Ed’s note: I got my hands on the following email from Lane DeGregory to a journalism student in response to a couple questions: “Is there anything you wish you could tell yourself when you were as inexperienced as us? What mistakes should we be making?” Enjoy.
I wish I hadn’t thought I had to be so smart.
When I was starting out, I was afraid the politician I was profiling would realize I didn’t understand property taxes; that the hockey coach I had to interview would out me for not knowing a hat trick from a helmet; that the commercial fisherman would think me unworthy of sharing his story because I had never been on a trawler. So I tried to study as much as I could beforehand and fake my way through difficult interviews, nodding and taking notes. Then I’d sit down to write and realize I really had no idea how to explain what was going on to my readers. That wasn’t fair to them — or the subjects.
As I’ve gotten older, I’ve realized, it’s okay to not know — it can even be endearing. When you ask people to explain, tell them you’re far from an expert, offer that you have to be able to break this down so all the audience can understand, subjects appreciate that. They want to help you get what they’re doing, see what’s important to them. They don’t want you to BS them, or get it wrong. So they won’t see you as dumb but rather as smart for asking so many questions, for admitting your fallibility, for wanting to get it right.
Instead of trying to stay out of the story, I wish I had shared myself more.
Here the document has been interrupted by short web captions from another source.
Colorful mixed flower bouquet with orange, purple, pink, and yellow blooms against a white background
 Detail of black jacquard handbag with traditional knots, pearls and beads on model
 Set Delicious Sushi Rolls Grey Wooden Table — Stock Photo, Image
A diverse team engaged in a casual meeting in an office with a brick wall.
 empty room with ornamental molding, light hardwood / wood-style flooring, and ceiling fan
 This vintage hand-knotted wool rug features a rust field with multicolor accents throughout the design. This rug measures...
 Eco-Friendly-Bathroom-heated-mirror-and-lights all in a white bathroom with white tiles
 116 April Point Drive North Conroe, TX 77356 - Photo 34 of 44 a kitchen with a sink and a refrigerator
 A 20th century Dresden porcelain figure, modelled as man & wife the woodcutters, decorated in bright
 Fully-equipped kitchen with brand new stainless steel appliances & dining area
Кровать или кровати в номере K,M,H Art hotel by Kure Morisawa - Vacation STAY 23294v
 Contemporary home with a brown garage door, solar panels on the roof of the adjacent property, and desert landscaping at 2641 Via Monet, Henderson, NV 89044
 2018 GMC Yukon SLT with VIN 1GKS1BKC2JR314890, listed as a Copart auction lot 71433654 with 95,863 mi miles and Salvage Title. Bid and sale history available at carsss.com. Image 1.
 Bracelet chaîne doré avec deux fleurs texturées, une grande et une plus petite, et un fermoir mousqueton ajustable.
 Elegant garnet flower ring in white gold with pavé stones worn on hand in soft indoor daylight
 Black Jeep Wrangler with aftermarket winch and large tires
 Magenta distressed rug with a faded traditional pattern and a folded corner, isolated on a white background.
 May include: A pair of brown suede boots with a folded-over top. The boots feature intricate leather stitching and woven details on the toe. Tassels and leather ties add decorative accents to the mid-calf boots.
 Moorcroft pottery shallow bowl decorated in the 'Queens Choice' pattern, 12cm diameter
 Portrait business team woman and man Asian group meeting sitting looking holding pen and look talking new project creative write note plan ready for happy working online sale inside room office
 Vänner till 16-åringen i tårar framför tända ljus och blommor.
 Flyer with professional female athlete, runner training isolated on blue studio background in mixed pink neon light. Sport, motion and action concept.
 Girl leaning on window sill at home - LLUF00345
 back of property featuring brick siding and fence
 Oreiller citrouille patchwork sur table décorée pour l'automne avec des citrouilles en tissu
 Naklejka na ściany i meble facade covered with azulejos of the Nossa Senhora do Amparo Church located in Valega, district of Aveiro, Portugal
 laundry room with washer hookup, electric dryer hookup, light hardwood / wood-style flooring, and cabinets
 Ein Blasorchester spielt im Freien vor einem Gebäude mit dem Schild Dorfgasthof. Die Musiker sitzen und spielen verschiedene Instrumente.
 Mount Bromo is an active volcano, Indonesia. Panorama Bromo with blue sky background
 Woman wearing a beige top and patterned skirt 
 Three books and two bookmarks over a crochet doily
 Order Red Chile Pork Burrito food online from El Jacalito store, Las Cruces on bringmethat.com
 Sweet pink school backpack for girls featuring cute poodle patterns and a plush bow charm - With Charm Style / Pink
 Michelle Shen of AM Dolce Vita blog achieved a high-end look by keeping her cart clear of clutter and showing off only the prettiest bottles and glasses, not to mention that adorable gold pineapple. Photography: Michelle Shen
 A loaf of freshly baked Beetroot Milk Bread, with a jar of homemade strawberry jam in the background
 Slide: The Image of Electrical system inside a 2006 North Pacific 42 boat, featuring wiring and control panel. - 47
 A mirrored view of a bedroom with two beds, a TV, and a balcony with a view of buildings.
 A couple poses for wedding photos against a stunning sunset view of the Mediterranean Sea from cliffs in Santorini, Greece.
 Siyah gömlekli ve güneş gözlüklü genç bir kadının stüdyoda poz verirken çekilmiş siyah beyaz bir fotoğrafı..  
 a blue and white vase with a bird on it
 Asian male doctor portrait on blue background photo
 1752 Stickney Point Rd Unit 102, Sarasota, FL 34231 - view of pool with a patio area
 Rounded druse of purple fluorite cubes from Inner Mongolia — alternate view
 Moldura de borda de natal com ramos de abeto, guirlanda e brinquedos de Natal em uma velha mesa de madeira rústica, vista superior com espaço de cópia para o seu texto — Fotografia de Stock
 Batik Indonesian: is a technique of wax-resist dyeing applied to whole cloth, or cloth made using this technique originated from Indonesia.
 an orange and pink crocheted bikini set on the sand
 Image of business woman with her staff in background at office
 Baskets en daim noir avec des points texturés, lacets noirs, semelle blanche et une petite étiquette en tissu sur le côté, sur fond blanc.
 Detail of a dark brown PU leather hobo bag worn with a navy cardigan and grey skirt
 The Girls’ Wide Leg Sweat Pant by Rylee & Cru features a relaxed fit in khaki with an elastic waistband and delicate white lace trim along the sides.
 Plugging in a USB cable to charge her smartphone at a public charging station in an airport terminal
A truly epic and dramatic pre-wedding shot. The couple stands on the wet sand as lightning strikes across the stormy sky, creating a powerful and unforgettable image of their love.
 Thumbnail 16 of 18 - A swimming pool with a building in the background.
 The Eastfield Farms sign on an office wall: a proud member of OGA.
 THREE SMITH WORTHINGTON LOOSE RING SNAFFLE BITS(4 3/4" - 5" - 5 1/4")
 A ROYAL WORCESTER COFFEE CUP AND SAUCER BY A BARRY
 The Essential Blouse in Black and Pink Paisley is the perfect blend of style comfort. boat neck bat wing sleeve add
I thought it was important for a reporter to remain on the sidelines, sort of sheltered from her subjects, and in the early years I think I used my notebook as a shield. I was asking people all these questions, sometimes really personal questions, but I never let them know that I was only 25, or was scared of sharks, or that my car had broken down on the way to the interview and that’s why I was so flustered and late. I thought I should be sort of teflon-like, untouchable. But that only shut me down, and kept people at a distance.